Goal of the exercise — Pull each line holding the word "also" from the data.

Source information —
Start of Block

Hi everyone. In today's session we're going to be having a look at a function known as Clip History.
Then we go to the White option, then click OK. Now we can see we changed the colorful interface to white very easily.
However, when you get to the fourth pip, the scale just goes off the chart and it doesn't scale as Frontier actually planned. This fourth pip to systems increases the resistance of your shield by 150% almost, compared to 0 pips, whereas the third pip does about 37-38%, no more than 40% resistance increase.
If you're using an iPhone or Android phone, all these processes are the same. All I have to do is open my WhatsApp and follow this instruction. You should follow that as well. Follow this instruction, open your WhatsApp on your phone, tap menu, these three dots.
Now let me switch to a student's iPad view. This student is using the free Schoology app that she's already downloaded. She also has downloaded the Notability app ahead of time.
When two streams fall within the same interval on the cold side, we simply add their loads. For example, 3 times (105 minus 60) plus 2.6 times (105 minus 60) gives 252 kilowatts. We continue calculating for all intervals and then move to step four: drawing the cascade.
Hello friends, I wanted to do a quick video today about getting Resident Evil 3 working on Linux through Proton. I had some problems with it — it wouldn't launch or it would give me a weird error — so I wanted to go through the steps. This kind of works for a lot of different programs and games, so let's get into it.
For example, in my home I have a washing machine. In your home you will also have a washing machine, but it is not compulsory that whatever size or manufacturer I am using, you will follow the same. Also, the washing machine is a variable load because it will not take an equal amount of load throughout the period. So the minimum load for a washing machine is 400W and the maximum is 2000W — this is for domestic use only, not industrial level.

End of Block
Start of Block

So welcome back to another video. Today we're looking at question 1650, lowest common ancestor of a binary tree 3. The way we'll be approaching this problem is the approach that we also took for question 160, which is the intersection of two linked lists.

End of Block

Task answer —
Now let me switch to a student's iPad view. This student is using the free Schoology app that she's already downloaded. She also has downloaded the Notability app ahead of time.
For example, in my home I have a washing machine. In your home you will also have a washing machine, but it is not compulsory that whatever size or manufacturer I am using, you will follow the same. Also, the washing machine is a variable load because it will not take an equal amount of load throughout the period. So the minimum load for a washing machine is 400W and the maximum is 2000W — this is for domestic use only, not industrial level.
So welcome back to another video. Today we're looking at question 1650, lowest common ancestor of a binary tree 3. The way we'll be approaching this problem is the approach that we also took for question 160, which is the intersection of two linked lists.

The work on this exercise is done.